Greta Thune, however, was now beyond anything. She was dead, her cymol brain blown as surely as the aux engines were blown. She had served her purpose, but it was a shock.
“Does anybody remember anything of what went on?” Josef asked incredulously.
“It was as if, suddenly, all the answers were clear, but now I can make little sense of it,” Tobrush told them.
They all spoke pretty much the same way except for Chin, who was silent, drinking some wine. Finally, he said, “I know.”
For a moment they hardly heard, then they were suddenly quiet.
“What do you know, Gunny?” Krisha asked, the link or whatever it was with the Angels now completely vanished, although, apparently, she hadn’t been aware of it while it was there.
“It’s just us five. We’re it. We represent all thirty-plus trillion Terrans and sixty-odd trillion non-Terrans, as well as the Three Races. It is almost a wager. They have given us powers, and a very big gun which we can use not to kill, but at least force back, even the big one himself, but it’s entirely up to us, as sure as if we were still on the road to Hell.”
“Captain—how do you know this?” Modra asked him.

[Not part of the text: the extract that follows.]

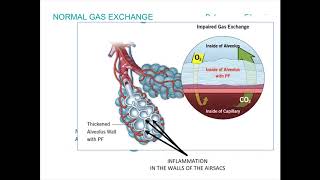 AntiInflammatory amp Immunosuppressive Medications Webinar [upl. by Adohr965]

“I’ll take that title again. It seems I’ve been appointed somehow. It seems I’m the proverbial empty vessel. That’s why a null had to be one of them. It didn’t have to be me, but it is. I am unencumbered by experience. The tools they’ve given us are effective, but anyone who’s naturally on the talent band has grown up using them in one fixed way, in assuming everything works such and so. These tools don’t work quite that way. They have to be used intuitively, without preconceptions. One of you might get them right, but I’m the most likely to succeed. If anything happens to me, one of you will have to use them. Josef, you’re probably number two, since you’ve also had military training and you grew up a hypno, no matter what your powers may be now. After that, only the gods know. And one of you, perhaps.”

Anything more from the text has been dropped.